PROBLEM DESCRIPTION —
Which of the lines below include "фото"? Each one should be copied out.

◇ ◇ ◇ ◇

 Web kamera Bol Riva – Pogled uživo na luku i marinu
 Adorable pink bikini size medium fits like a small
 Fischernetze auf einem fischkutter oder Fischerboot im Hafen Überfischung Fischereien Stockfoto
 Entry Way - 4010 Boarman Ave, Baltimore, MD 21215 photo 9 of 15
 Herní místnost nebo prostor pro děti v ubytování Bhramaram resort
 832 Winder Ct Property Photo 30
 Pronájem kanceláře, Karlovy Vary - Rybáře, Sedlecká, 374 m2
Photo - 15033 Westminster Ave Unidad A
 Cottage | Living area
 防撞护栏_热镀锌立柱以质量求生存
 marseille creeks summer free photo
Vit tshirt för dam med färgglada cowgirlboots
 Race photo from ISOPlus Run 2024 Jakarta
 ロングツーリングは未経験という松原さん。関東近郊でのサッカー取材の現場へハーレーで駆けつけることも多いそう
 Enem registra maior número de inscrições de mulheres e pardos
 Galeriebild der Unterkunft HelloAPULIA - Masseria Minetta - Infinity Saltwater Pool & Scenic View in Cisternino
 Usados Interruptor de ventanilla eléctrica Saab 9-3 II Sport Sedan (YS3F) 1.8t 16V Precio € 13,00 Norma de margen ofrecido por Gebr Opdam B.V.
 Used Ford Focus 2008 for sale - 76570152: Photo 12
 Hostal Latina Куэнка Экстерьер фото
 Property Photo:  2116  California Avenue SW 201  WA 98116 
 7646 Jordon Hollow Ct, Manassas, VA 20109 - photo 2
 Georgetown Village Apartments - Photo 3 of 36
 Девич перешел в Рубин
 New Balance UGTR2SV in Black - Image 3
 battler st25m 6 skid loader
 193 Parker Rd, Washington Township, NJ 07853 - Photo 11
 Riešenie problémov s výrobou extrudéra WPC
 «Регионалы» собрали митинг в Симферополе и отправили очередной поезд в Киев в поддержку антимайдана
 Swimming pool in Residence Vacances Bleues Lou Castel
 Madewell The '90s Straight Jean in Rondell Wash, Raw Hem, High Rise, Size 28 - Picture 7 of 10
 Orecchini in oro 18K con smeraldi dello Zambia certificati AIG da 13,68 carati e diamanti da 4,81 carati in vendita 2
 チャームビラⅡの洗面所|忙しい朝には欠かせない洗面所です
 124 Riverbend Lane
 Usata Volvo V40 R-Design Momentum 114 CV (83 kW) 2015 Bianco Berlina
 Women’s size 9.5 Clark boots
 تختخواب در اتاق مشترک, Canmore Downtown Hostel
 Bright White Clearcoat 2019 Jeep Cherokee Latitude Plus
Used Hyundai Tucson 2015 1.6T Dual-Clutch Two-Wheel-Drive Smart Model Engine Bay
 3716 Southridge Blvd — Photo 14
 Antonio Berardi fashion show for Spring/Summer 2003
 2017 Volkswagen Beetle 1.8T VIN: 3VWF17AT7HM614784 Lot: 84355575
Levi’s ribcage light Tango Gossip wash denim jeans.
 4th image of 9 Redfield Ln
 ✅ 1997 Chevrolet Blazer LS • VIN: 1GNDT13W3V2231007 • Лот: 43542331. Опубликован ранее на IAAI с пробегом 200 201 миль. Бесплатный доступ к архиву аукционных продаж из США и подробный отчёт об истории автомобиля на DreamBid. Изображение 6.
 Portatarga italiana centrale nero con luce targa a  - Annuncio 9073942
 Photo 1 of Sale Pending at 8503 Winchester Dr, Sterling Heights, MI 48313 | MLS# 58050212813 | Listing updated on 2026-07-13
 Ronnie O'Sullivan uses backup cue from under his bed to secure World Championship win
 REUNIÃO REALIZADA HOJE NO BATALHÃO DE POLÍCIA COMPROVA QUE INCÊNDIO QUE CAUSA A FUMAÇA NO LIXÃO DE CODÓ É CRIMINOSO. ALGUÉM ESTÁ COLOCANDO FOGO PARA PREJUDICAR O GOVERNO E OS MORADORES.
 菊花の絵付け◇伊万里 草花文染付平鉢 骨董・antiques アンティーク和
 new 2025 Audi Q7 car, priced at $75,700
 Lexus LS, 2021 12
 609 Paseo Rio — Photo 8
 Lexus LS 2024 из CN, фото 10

◇ ◇ ◇ ◇

SOLVED EXERCISE —
 Hostal Latina Куэнка Экстерьер фото
 Lexus LS 2024 из CN, фото 10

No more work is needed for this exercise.